Bram M.A. van Dijk, Marco R. Spruit and Max J. van Duijn
(Semi-)Spontaneous Dutch children’s language is relatively well-documented. Before the 2000s, several audio and text corpora were compiled in unstructured home settings that involved a small number of younger children. A decade later, more structured settings were used (e.g. with picture books) to target older children’s language production. Nowadays we see representative large-scale corpora, e.g. BasiScript, consisting of written output of thousands of children of 4-12 years (Tellings et al. 2018), and JASMIN-CGN, containing more than 15h of high-quality recordings of children’s speech (Cucchiarini and van Hamme 2013). Most corpora were compiled primarily for studying language acquisition and speech development.
Experimental work has suggested that in children’s development, linguistic and sociocognitive skills mutually reinforce each other. Still, there is currently no Dutch corpus that combines children’s spontaneous speech, linguistic metadata (e.g. lemma frequencies), children’s sociocognitive skills (e.g. performance on Theory of Mind tests), and backgrounds (e.g. educational level parents, siblings), which could fuel work on the intersection of language acquisition and developmental psychology. To fill this gap, we present ChiSCor (CHIldren’s Story CORpus), a new text (60k tokens) and audio (15h speech) corpus of >500 freely-told fantasy narratives collected from hundreds of children (4-12 years), enriched with the metadata mentioned above. We focus on narrative because in storytelling, children need to draw on both linguistic and cognitive skills (esp. Theory of Mind) to present a story that is coherent and interesting for an audience, and need to reason about what story characters feel, intend, think, etc.

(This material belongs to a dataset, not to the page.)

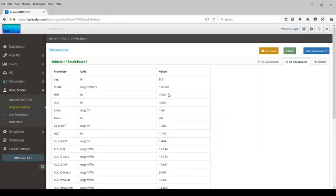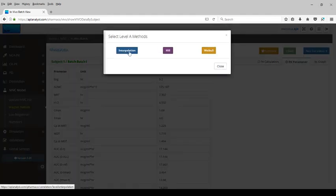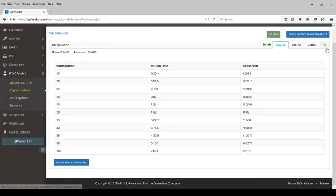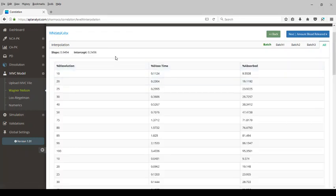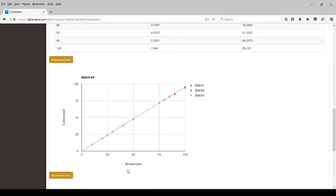PK parameters are also computed for this subject and batch. Next, let's perform the correlation. Let's look at Level A correlation. We have three methods: interpolation, the Hill method, and the Weibull function used for fitting the data. Let's select the interpolation method. The computation for all three batches with slope and intercept has been done, and here is the plot for percent absorbed versus dissolution for the three batches.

We expect ChiSCor to be valuable not only for linguists and developmental psychologists, but also for researchers in natural language processing more widely. In our contribution, we first show that ChiSCor is a representative sample of Dutch child speech, by examining its token distribution and demonstrating that it approximates a Zipfian distribution, implying that in this respect it is an equally ‘normal’ language sample as BasiScript. Second, by comparing the lemma part-of-speech distribution and by building a frequency profile of the corpus, we explicate differences between ChiSCor’s and BasiScript’s differing domains (speech vs. written). Third, with word embeddings we show that our corpus exhibits meaningful information about children’s syntactic and semantic skills, since in vector space we can e.g. distinguish different word classes, mental from physical predicates, and intentional from non-intentional verbs. Fourth, we highlight potential applications of ChiSCor, by reflecting on pilot work done with ChiSCor (Van Dijk and Van Duijn 2021), and by evaluating performance of contemporary neural networks in processing spontaneous narratives on tasks such as POS-tagging and mapping speech to text.
Cucchiarini, and van Hamme (2013), The JASMIN Speech Corpus: Recordings of Children, Non-natives and Elderly People. Spyns et al. (eds.), Essential SLT for Dutch, pp.43-59.
Tellings, Oostdijk, Monster, Grootjen, and Van Den Bosch (2018). BasiScript: A corpus of contemporary Dutch texts written by primary school children, Int. Journal Corpus Linguistics, pp.494–508.
Van Dijk, and Max Van Duijn (2021), Modelling Characters’ Mental Depth in Stories Told by Children Aged 4-10, Proceedings of the Cognitive Science Society, pp.2384-2390.